En voltige aérienne, on est toujours un peu en situation limite. Le véritable danger est de casser l'appareil. Tout comme le pilote, l'avion subit les contrecoups des rapides accélérations.
La voltige est un sport extrêmement violent. Il fait souffrir autant la mécanique que l'organisme humain. En cours d'évolution, on entend souvent des craquements qui prouvent à quel point l'appareil peut atteindre lui aussi ses limites. Il faut donc être très attentif à ne pas outrepasser ses capacités.

MC: Vous servez-vous d'un aide-mémoire pour l'enchaînement des figures que vous effectuez?
C.Maunoury: J'ai effectivement un pense-bête, très schématique. Mais je n'y ai recours que très rarement, pour ne pas dire jamais. Tout se passe très vite et aucune hésitation n'est permise.
Je compare personnellement cette situation à celle du chef d'orchestre. La partition sur le pupitre ne lui est utile qu'exceptionnellement. Un rapide coup d'oeil suffit et c'est au seul mécanisme de la mémoire de continuer à jouer son rôle.

MC: La voltige aérienne apparaît comme un sport particulièrement inconfortable.
C.Maunoury: Ce sont surtout les effets de la pesanteur qui sont désagréables. Parfois, on est comme éjecté de l'appareil. Puis, immédiatement après, on peut être écrasé sur son siège sous l'effet d'une force pouvant atteindre 10 G, soit dix fois le poids de son propre corps.
De nombreux pilotes sont arrêtés par la violence de telles évolutions. Et pourtant, la voltige aérienne est un sport dans lequel on peut durer. Cinquante ans est un âge qui n'a rien d'exceptionnel dans cette discipline.

MC: Certains accidents très graves ont pu ternir l'image de l'aviation-spectacle. En subissez-vous les contre-effets?

C.Maunoury: Actuellement, la réglementation concernant nos exhibitions fait l'objet d'un examen approfondi et elle risque de subir d'importantes modifications. Pour ma part, je crains surtout qu'on en arrive à déconsidérer globalement notre sport, avec toute la part d'émotions et de rêve qu'il procure à de très nombreux spectateurs. Nul ne peut nier qu'il y ait un certain risque. Mais des risques existent aussi dans d'autres sports. Les courses automobiles, par exemple, et même le Tour de France avec la caravane publicitaire ou les voitures suiveuses. On ne peut quand même pas enfermer tous les gens devant leur poste de télé sous prétexte d'une réglementation paranoïaque qui nous interdirait de produire notre spectacle en présence d'une foule de spectateurs! Les accidents doivent servir, certes, de leçons. La meilleure solution serait peut-être de labelliser les pilotes en fonction de leurs compétences reconnues: un tel n'aurait pas le droit de descendre au-dessous de 150 mètres; tel autre, par contre, pour la beauté du spectacle et parce qu'il est un pilote particulièrement chevronné, serait autorisé à descendre plus bas encore. Certaines trajectoires, d'ailleurs, ne présentent aucun risque particulier et, en descente, un pilote doit se garder une réserve de vitesse suffisante qui lui permette de se poser sur la piste, même moteur arrêté.

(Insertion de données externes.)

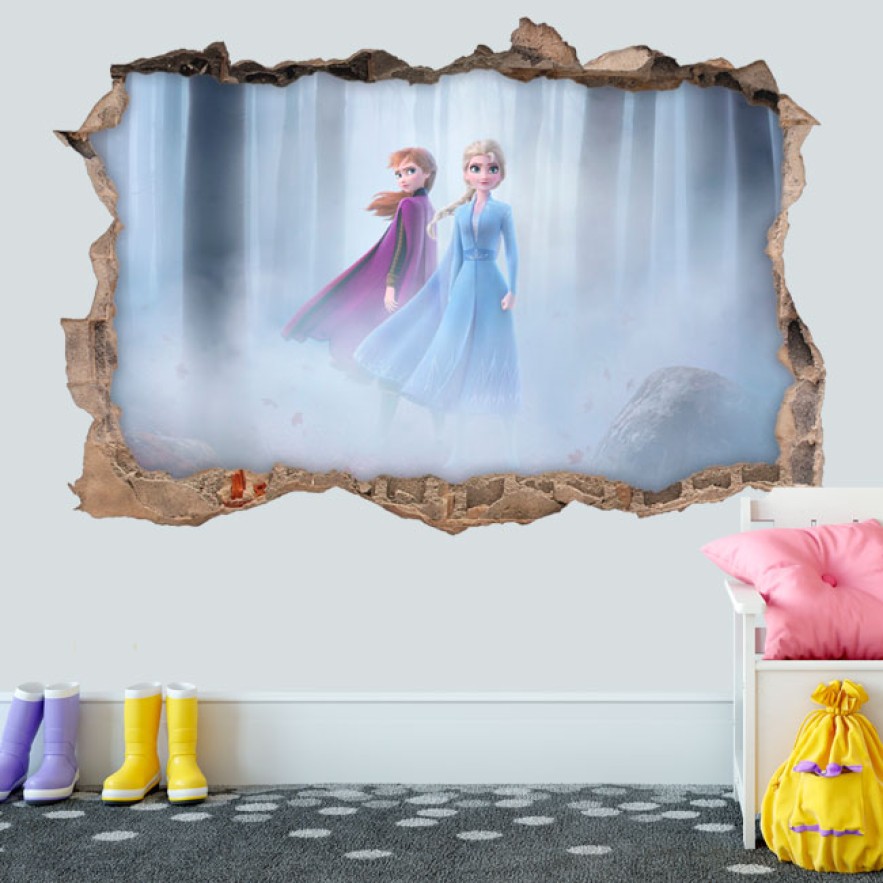 Pegatinas decorativas agujero 3d disney frozen 2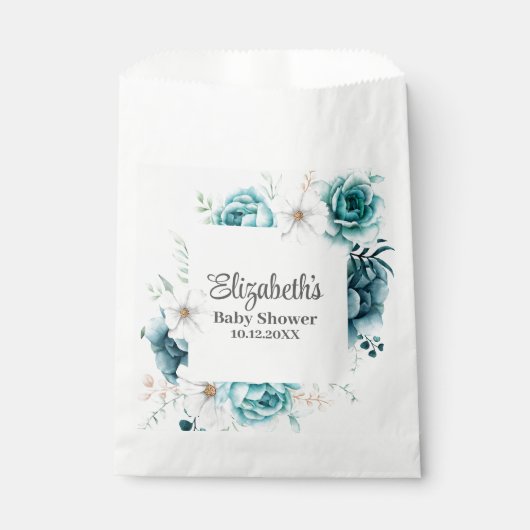 Blauwgroen en gebroken witte Floral Baby shower Fa Bedankzakje (Voorkant)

MC: La voltige aérienne a-t-elle une incidence pratique sur les techniques de l'aéronautique?


C.Maunoury: Notre sport sert sans aucun doute à faire évoluer certaines techniques liées par exemple à la légèreté des appareils ou à la résistance des matériaux. Quoi qu'il en soit, les exhibitions et les compétitions de voltige ont surtout comme effet de susciter chez certains jeunes le désir de devenir pilotes, y compris professionnels.
J'en veux pour preuve mon exemple personnel. Je pratique l'aviation et la voltige parce que j'y trouve un immense plaisir. Mais je n'aurais jamais connu cette passion si je n'avais commencé, dès l'âge de dix ans, par recueillir sur mon carnet les autographes des pilotes que j'admirais et que je rencontrais à l'aéro-club de mon père.